By: Nick Spencer, Elizabeth Englehart, Sam Marcoe, and Grayson Windle
Introduction:
In Dan Meyer’s “Circles and Squares” video found at http://www.101qs.com/2859, we find a square and a circle on a number line ranging from 0 to 40. We also notice that the sizes of the two geometrical figures change depending on their position on the number line, indicating some sort of relationship between the two shapes and their respective positions.
Group Findings:
The video raises several questions, including the obvious “What is this relationship?”. Our group first began by trying to answer another question, “When are the areas of the two shapes equal?” In the above screenshot of the video, we see that the circle and the square seem nearly equal in size in this position. After some investigation, we found that the areas of the two shapes are equal when the distance from where the shapes touch and the end of the number line is 21.2 to the left and 18.8 to the right. We were able to test this by visually seeing they are nearly the same in size at 20, and then by measuring the side length of the square and the radius of the circle with some guess-and-check methods.

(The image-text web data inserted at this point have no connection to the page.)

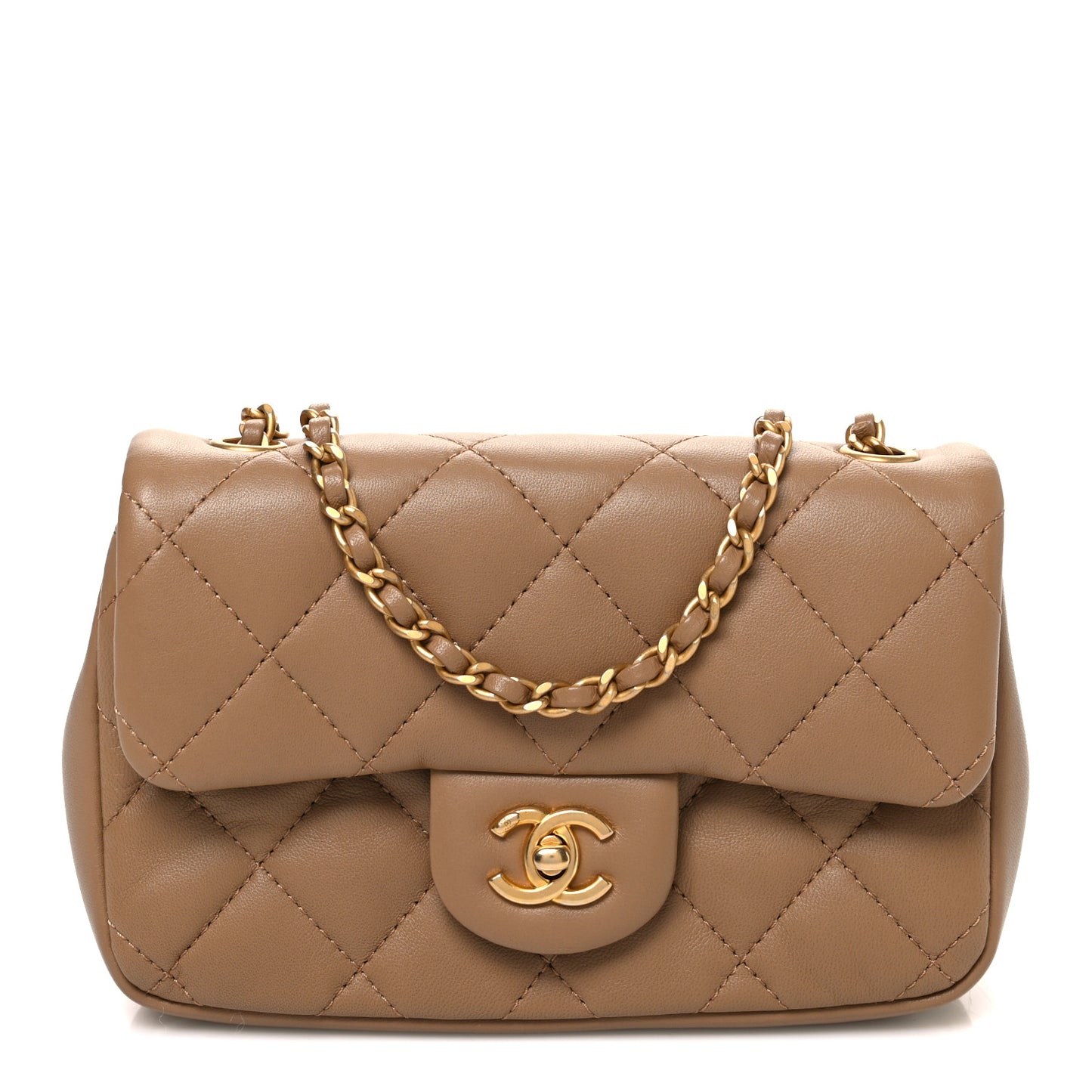 Lambskin Quilted Mini Heart Charms Flap Beige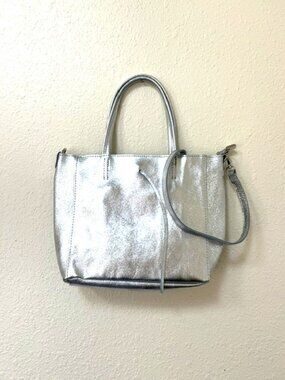 Silver genuine leather handbag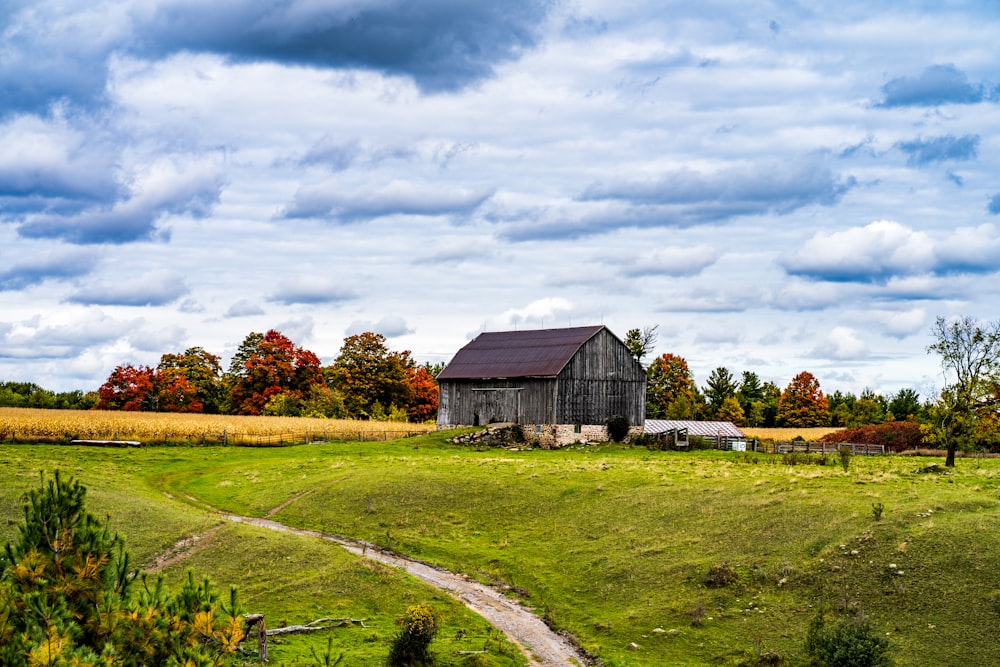 brown wooden house on green grass field under white clouds during daytime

To find the precise answer, however, we found that you could use the quadratic formula, as well as a couple of other ways through investigating.
Classroom Adaptation:
This problem can be used in a variety of grade levels, particularly in a middle-school classroom. This problem utilizes algebraic, geometric, conceptual and problem-solving skills to solve. Teachers can aim for their students to approach this problem in a variety of ways, depending on whether they want this to be an algebra-heavy problem or more of a conceptual experience. This is a great example of a problem for students to practice the quadratic formula, but even better a problem for students to be able to find connections in mathematics, and use those connections to derive explanations for their findings.
CCSS:
CCSS.MATH.CONTENT.7.G.B.4
Know the formulas for the area and circumference of a circle and use them to solve problems; give an informal derivation of the relationship between the circumference and area of a circle.